Every entry should be repeated exactly as written.

Stored data entries
- - - - - - -

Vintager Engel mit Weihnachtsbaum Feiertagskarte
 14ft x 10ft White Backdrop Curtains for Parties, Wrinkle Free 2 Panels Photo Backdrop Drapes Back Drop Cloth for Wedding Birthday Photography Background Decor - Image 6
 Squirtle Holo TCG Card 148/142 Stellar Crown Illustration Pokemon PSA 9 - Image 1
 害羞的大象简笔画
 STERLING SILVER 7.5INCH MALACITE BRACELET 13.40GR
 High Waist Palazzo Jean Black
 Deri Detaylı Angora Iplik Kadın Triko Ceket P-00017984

- - - - - - -

Exercise answer:
Vintager Engel mit Weihnachtsbaum Feiertagskarte
 14ft x 10ft White Backdrop Curtains for Parties, Wrinkle Free 2 Panels Photo Backdrop Drapes Back Drop Cloth for Wedding Birthday Photography Background Decor - Image 6
 Squirtle Holo TCG Card 148/142 Stellar Crown Illustration Pokemon PSA 9 - Image 1
 害羞的大象简笔画
 STERLING SILVER 7.5INCH MALACITE BRACELET 13.40GR
 High Waist Palazzo Jean Black
 Deri Detaylı Angora Iplik Kadın Triko Ceket P-00017984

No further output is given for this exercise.